Internal medicine is much like an abusive relationship. There's a lot of fear and anger and sleepless nights during the whole experience but after you leave them you always look back with a weird amount of positivity.
For a lot of medical school, students are treated (with pretty good reason) like barely functioning, hung-over hooligans who shouldn't be given a bag of sand to look after much less a living patient. Not so on your third year internal medicine rotation. Your patients are your responsibility, and nobody second guesses your management plans except to tweak it or give suggestions. For myself, it was the first time I threw on the big boy stethoscope. You feel like a real doctor. Besides that you learn an incredible amount and you work with some of the smartest residents and attending doctors in medicine. This really makes all the difference in an intense situation like an internal medicine ward - I had three very intelligent and patient senior residents who taught me a lot. Same goes for my three attending physicians.

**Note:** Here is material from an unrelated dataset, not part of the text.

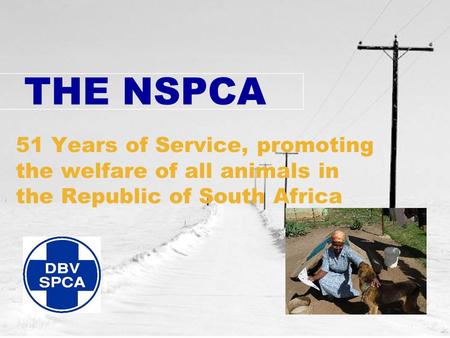 THE NSPCA 51 Years of Service, promoting the welfare of all animals in the Republic of South Africa.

On the other hand though, my internal medicine rotation was the most grinding, gruelling marathon in which I've ever participated. Looking back I think I easily worked 100+ hours per week. My day started at 645AM when I would come in to Health Sciences Centre in Winnipeg to see my patients, check labs, make a plan, etc. We would round on patients (walk around, say hello, examine them, make orders, call consultants) until about 1130 and then in the afternoon we would write notes, do procedures and get some teaching from the senior medical resident. Sign-out rounds (sitting down and talking about what happened during the day for each patient and talking about any patients coming to the ward that night) were at 5PM and then anything else that hadn't been accomplished would be completed after that.
630PM days were pretty normal unless you were on call in which case, saddle up, because you're here for the next 14ish hours. One person from the team would always stay on the ward overnight and for me it was always a special experience. When on call at Health Sciences, your night consisted of making sure no one died, pronouncing people who died, admitting new patients to the ward, writing orders for patients who needed medication changes, getting called to an imminently dying patient and if you were lucky maybe an hour or two of sleep. You then got to go home after presenting your patients on rounds the next morning and slept for the entire day (your post-call day). Wash, rinse and repeat the next day. Call, for me, was about every four days (on average - an important distinction).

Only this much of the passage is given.